Sin embargo, cuando comienza a perder legitimidad ese método sucesorio también inicia otro proceso del sistema presidencialista, el ascenso de la tecnocracia al poder, cuyas consecuencias más críticas se expresaron en el discurso del 6 de marzo, en el monumento a la Revolución, por parte de Luis Donaldo Colosio Murrieta. La ruptura política se resolvió con el magnicidio y la continuidad del régimen quedó garantizada con la designación del doctor Ernesto Zedillo Ponce de León, como candidato sustituto.

Los signos de agotamiento fueron más claros durante el proceso sucesorio de 1988. El presidente Miguel de la Madrid Hurtado hizo aparecer a secretarios del gabinete -sin posibilidad alguna de alcanzar la designación- junto a Carlos Salinas de Gortari. El secretario de Gobernación había sido desplazado por los intereses del modelo de desarrollo neoliberal. Los grandes monopolios transnacionales de los países industrializados presionaban para conformar gobiernos a modo con los chicos de Chicago, es decir, la tecnocracia formada en las principales universidades norteamericanas. El rol de la clase política mexicana había llegado a su fin y el legado del nacionalismo revolucionario quedó proscrito del discurso de los altos funcionarios de los gobiernos neoliberales.

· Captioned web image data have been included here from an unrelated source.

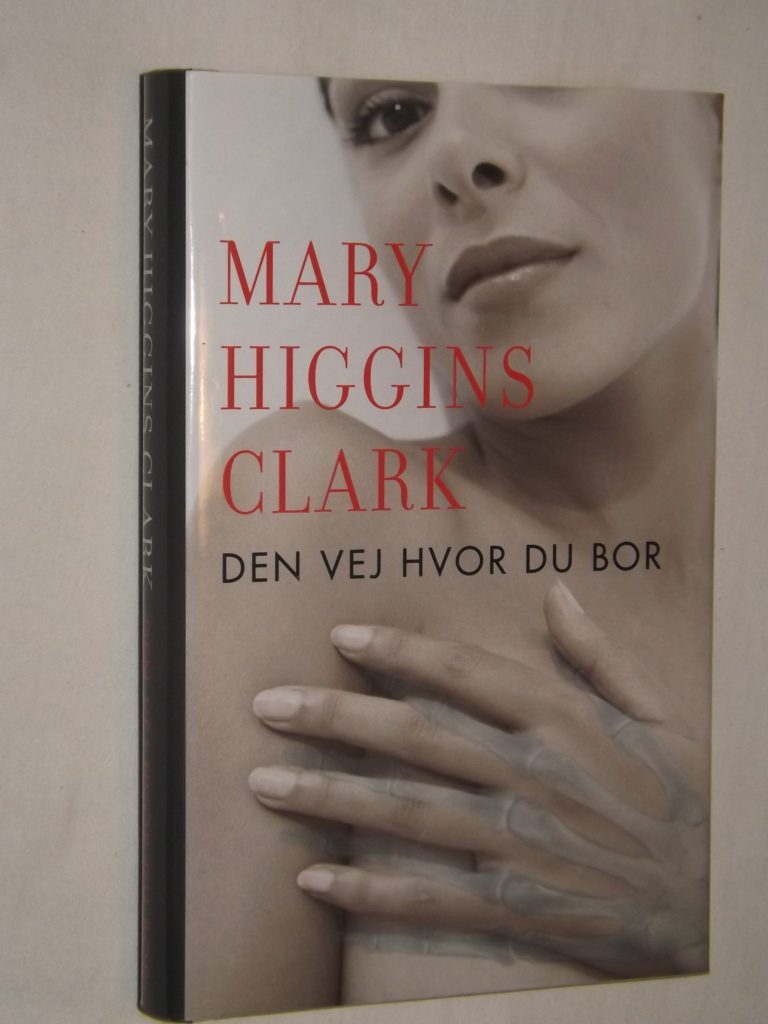 Mary Higgins Clark: Den vej hvor du bor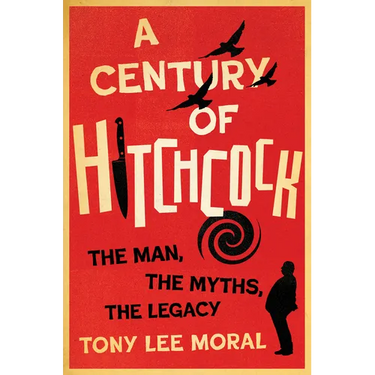 A Century of Hitchcock: The Man, the Myths, the Legacy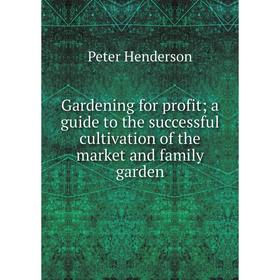 

Книга Gardening for profit; a guide to the successful cultivation of the market and family garden. Peter Henderson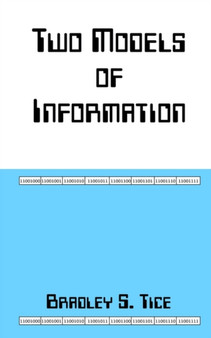 Two Models of Information by Bradley S. Tice - Paperback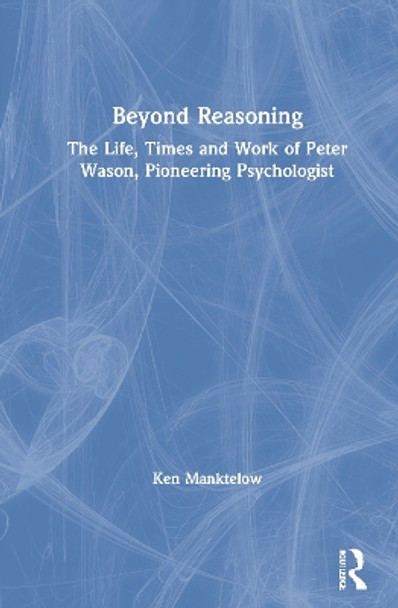 Beyond Reasoning: The Life, Times and Work of Peter Wason, Pioneering Psychologist by Ken Manktelow 9780367651275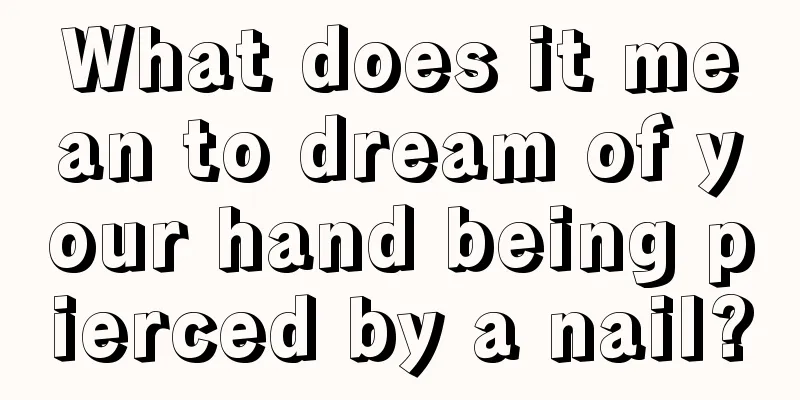 What does it mean to dream of your hand being pierced by a nail?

Es por ello que el caso Colosio al retomarse como asunto de Estado en el contexto de experimentar, desde el poder, nuevas prácticas políticas que apunten a perfilar una democracia participativa para superar los vicios históricos de la sucesión presidencial heredados del régimen priista -la alternancia panista los hizo propios con resultados desastrosos- no ha de quedar como un señalamiento de un acto vil sino la de una apertura de procesos sociales que redefinen las relaciones de poder entre las facciones gobernantes.